Trump muddled messagePresident Trump’s supporters are worried he is muddling his populist message as Republicans seek to keep the party base together going into the midterm election year. 

This week, Trump faced an uproar from his most faithful MAGA supporters when he defended the H-1B visas and inviting foreign students to come study in the U.S. Conservative critics including and perhaps most prominently, Rep. Marjorie Taylor Greene (R-Ga.) accused the president of contradicting his America First message.

Meanwhile, the president has continued to tout expensive White House renovations, including his long anticipated ballroom addition in place of the East Wing, as he seeks to tackle the issue of affordability. 

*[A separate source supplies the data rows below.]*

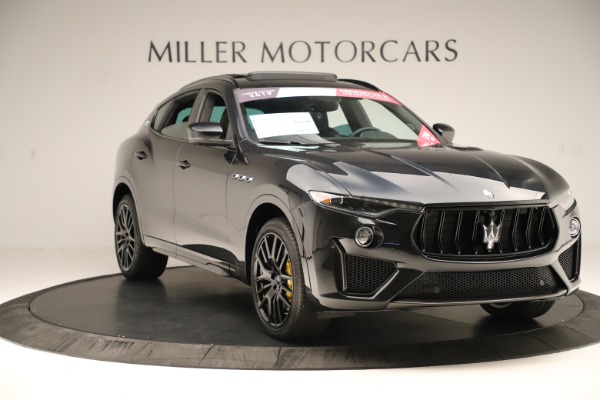 New 2019 Maserati Levante Trofeo for sale Sold at Aston Martin of Greenwich in Greenwich CT 06830 11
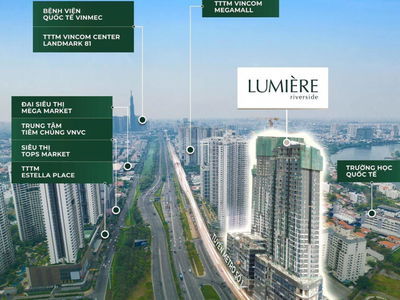Lumiere Riverside, Vietnam  Lumiere Riverside, Vietnam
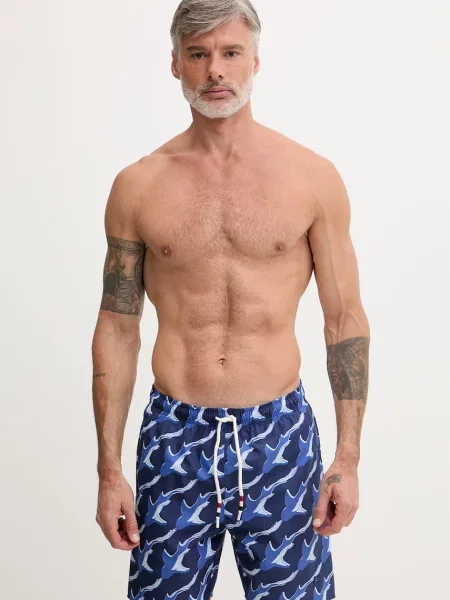 Napapijri pantaloni scurți de baie pentru bărbați ELIOR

Some worry that the moves will depress the president’s base, who have long viewed him as an economic populist fighting for the working class.  

The backlash was fiercest after Fox News host Laura Ingraham, a vocal Trump ally, pressed him over his stances on H-1B visas and his calls for 600,000 Chinese students to study at U.S. higher education institutions. The president argued H-1B visas are necessary because the U.S. needs “certain” talents to carry out specific jobs. On his calls for the 600,000 Chinese students studying in the U.S., Trump argued the move was needed to keep U.S. colleges in business.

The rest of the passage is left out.